3
votes

I am running an apache beam dataflow job, which reads from a bucket, performs some transformation and write to bigquery. But the records are inserted into the streaming buffer.

validated_data = (p1
                  | 'Read files from Storage '+url >> beam.io.ReadFromText(url)
                  | 'Validate records ' + url >> beam.Map(data_ingestion.validate, url)\
                  .with_outputs(SUCCESS_TAG_KEY, FAILED_TAG_KEY, main="main")
)
all_data, _, _ = validated_data
success_records = validated_data[SUCCESS_TAG_KEY]
failed_records = validated_data[FAILED_TAG_KEY]


(success_records
 | 'Extracting row from tagged row {}'.format(url) >> beam.Map(lambda row: row['row'])
 | 'Write to BigQuery table for {}'.format(url) >> beam.io.WriteToBigQuery(
            table=data_ingestion.get_table(tmp=TEST, run_date=data_ingestion.run_date),
            create_disposition=beam.io.BigQueryDisposition.CREATE_NEVER,
            write_disposition=beam.io.BigQueryDisposition.WRITE_APPEND
            )
)

Actually, I need to delete the partition before running above as a way to avoid duplicated records for ingestion time partitioned table.

And Say If I run this job more than 1 time for the same file, without truncating the table, the table will end up having duplicate records.

And because last records are in streaming buffer, the delete partition table command does not actually remove the partition.

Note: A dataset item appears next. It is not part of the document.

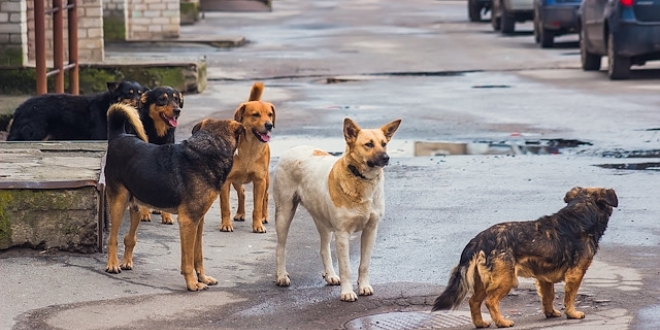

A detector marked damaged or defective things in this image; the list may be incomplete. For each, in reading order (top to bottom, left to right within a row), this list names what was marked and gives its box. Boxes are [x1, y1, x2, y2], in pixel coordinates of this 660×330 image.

pothole [342, 312, 476, 330]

Below is the code I am using to truncate the table. and this code runs before running the pipeline

client = bigquery.Client()
dataset = TABLE_MAP['dataset']
table = TABLE_MAP[sentiment_pipeline][table_type]['table']
table_id = "{}${}".format(table, format_date(run_date, '%Y%m%d'))
table_ref = client.dataset(dataset).table(table_id)
output = client.delete_table(table_ref)
1
You can control how data is inserted via BigQuery through these options: - FILE_LOADS: beam.apache.org/releases/javadoc/2.9.0/org/apache/beam/sdk/io/… - STREAMING_INSERTS: beam.apache.org/releases/javadoc/2.9.0/org/apache/beam/sdk/io/… - Felipe Hoffa
I am not sure if same is available for apache beam python sdk! - Deepak Verma
Hello Deepak. In fact, for Batch pipelines Dataflow only supports file loads - and for streaming pipelines it only supports streaming inserts. If you are running a patch pipeline. On the other hand, if you are using a direct runner, then unfortunately only streaming inserts are supported no matter what. What runner are you using, and why are you re-running a batch pipeline? - Pablo
Hi Pablo, I am using dataflow runner. I believe that python sdk for apach beam only have functionaly to straming insert into bigquery, apche beam internally uses insertAll method which only insert data in streaming mode. Apache beam python sdk does not have any option to specify load job - Deepak Verma
I am basically talking about this github.com/apache/beam/commit/… . But as of now this is only available in git repo of apache beam, the apache beam version availble from pip does not have these changes. As of writing this comment, pip only support apach-beam==2.10 while beam-release tag for the same does not have these changes. - Deepak Verma

1 Answers

0
votes

According to BigQuery documentation, you may have to wait 30 minutes in order to make a DML statement on a a streaming table, and schema changes like delete/truncate tables might result in data loss for some scenarios. Here are some workarounds you could try for dealing with duplicates in a streaming scenario.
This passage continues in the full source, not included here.